Depending on the type of mutation, the effect is different. In Valeria's case,  a different amino acid is formed due to the wrong base. Since amino acids are the building blocks of proteins, a modified protein is produced.


4 weeks

done
Preparing Valeria's cells for testing the drug.

In order to test the drug produced for Valeria on her cells, Valeria's skin cells are cultivated into stem cells and these turned into neurons / nerve cells. This procedure is difficult and time-consuming.


4-6 months

done
Design and prepare drugs.

The drug is designed and processed in such a way that it functions as a "counterpart" to the gene mutation in the body.


3-4 weeks

done
Check the knockdown effect of the drug in test celllines.

The ASO prototypes produced are tested on simpler cells and their effect is investigated. The hypothesis is that the better the ASO prototype, the lower the production of the modified protein or the less potassium flows into the nerve cells.

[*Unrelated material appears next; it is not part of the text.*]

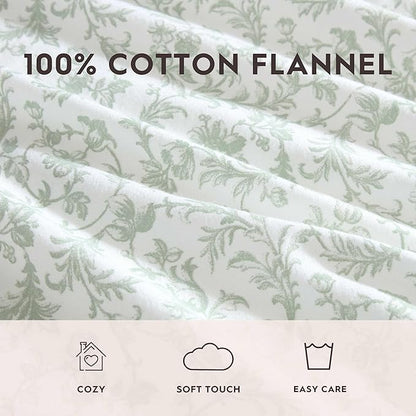Laura Ashley - Flannel Sheets Full Size, Anti-Pilling & Wrinkle Resistant Cotton, Touchably Soft for All-Season Comfort - Bed Sheets with Matching Pillowcases & Fitted Sheet (Brinna Green)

It is also part of the investigation to find out which ASO prototype achieves good results even at low doses. The data obtained are presented in a concentration-response curve (CRC).


6-8 weeks

done
Check the effect of the drug in Valeria's nerve cells.

The best ASO prototypes that have completed the previous tests will now be tested in Valeria's nerve cells (in a dish). Thur the lower potassium influx the electrical voltage of the nerve cell is changed . This is also an important factor and is a decisive factor in the selection of the best ASO prototype for proof of concept.


6-8 weeks

in progress
Manufacturing of the drug.

In this step, the ASO prototype that performed best in the tests before is produced. The ASO is produced in such a pure "clinical grade" form that it is not toxic in the human body.


10-12 weeks (in parallel with other steps)

Safety Studies

In order to exclude as many dangers as possible, the manufactured drug is subjected to various safety tests in other organisms before it is administered to Valeria. This step is required by the U.S. Food and Drug Administration (FDA).


8-10 weeks (in parallel with other steps)

FDA Approval

The FDA requires a 1-patient approval (n of 1) for drug administration.


2 weeks

Treatment start.

Since this is a new drug and just few data is available yet on how high the dose of the drug to be administered should be, very small doses are used at the beginning of the treatement. It will take several months before the target dose is reached. The drug is administered with an injection into the spinal cord, as the ASOs must act directly in the central nervous system. This is the usual method of administration, which is also used for other similar drugs such as Spinraza.